Dahası, bir taraftan yeniden yapılanmanın baş döndürücü hızı, diğer taraftan, medyanın, sayıları hızla artan dergilerin, markaların sponsor ettiği müzik festivallerinin, TV müzik programlarındaki estetiğin, reklam endüstrisinin etkisi, gençliğin dikkat yoğunlaştırma süresini, hafızasını kısaltıyordu. Bu altüst oluş onu, kısa döneme kilitliyor, hazlarını anında tatmin etme arzusuna programlıyor , dolayısıyla, cinselliğe, alışverişe, uyuşturucuya yönlendiriyordu, düzene yönelik eleştiri reflekslerini felç ediyordu.

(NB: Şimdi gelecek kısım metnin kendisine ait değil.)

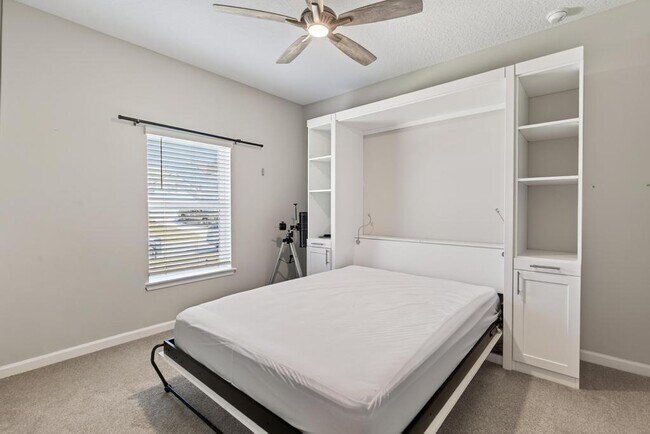 Building Photo - 67 Windermere Way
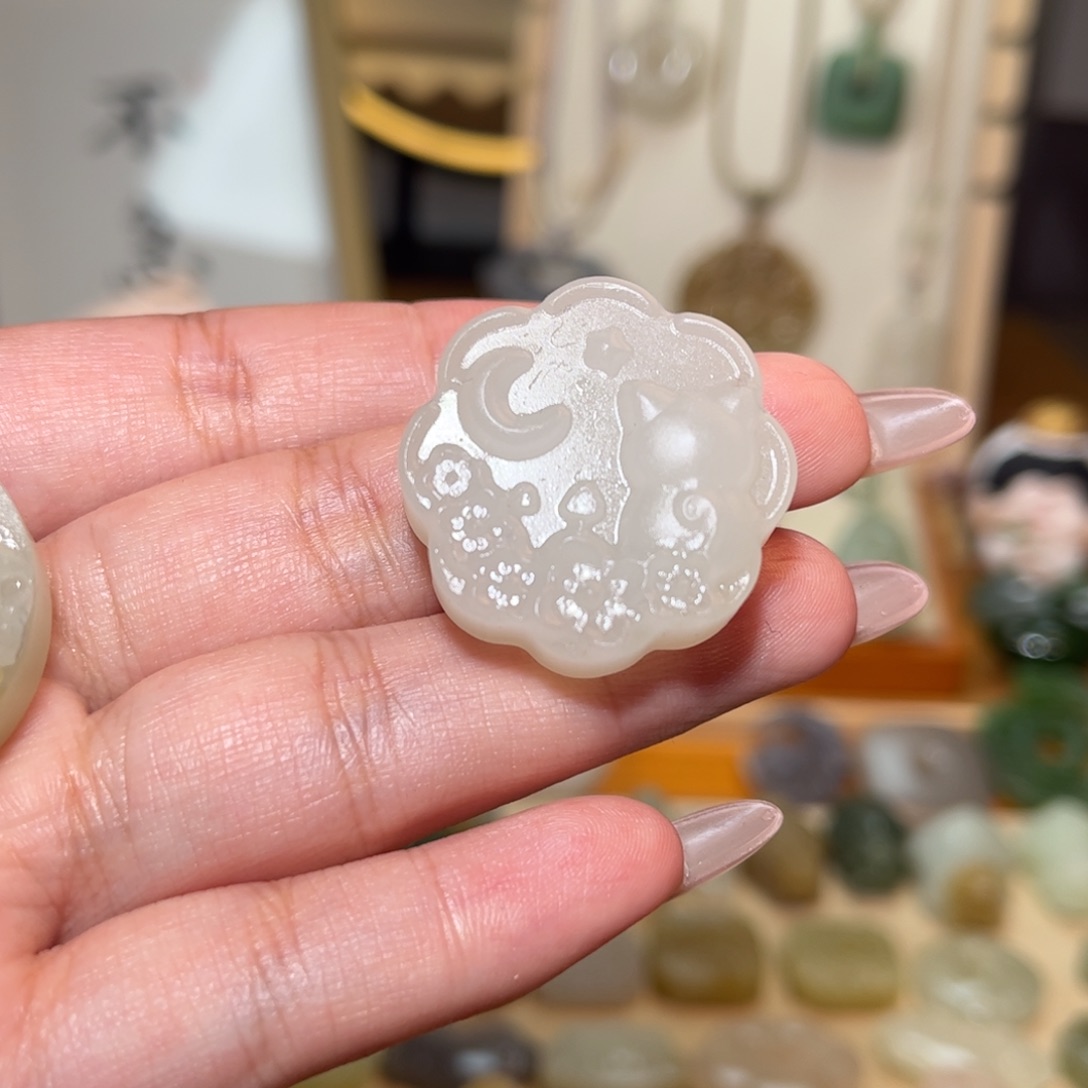 和田玉颈饰未镶嵌Y****?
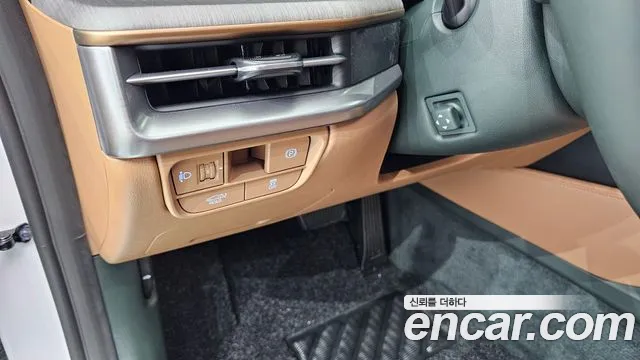 Hyundai Grandeur Grandeur (GN7) 2.5 Бензин 2WD — Фото автомобиля 20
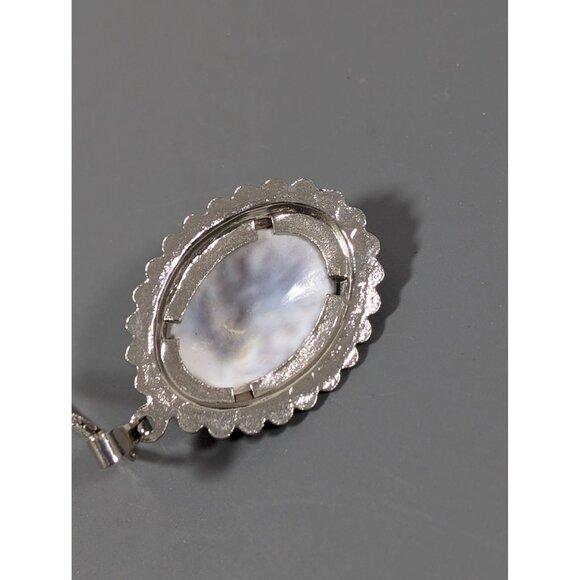 Vintage Blue Gray Shell Oval Pendant Necklace Silver Tone Chain 17" - Picture 8 of 9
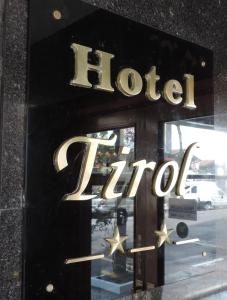 Foto de la galería de Hotel Tirol en Mar del Plata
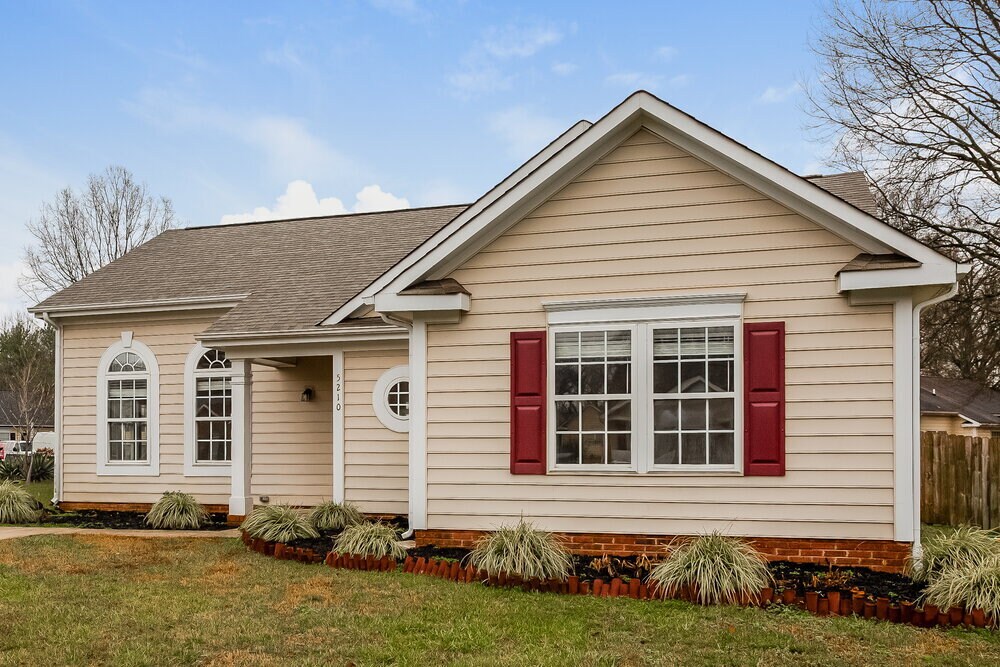 Building Photo - 5210 Grenelefe Village Rd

Geçen 25 yılda ülke giderek her alanda ''sömürgeleştirildi'' , insanı, artık kendisinde başka bir şey, bir ''başkasının'' kötü kopyası olmaya başladı. İşte 12 Eylül mirasının en ağır yanı da bu: Bağışıklık sistemleri hızla zayıflayan, kendini tedavi yetisini kaybetmekte olan bir toplum yaratmak?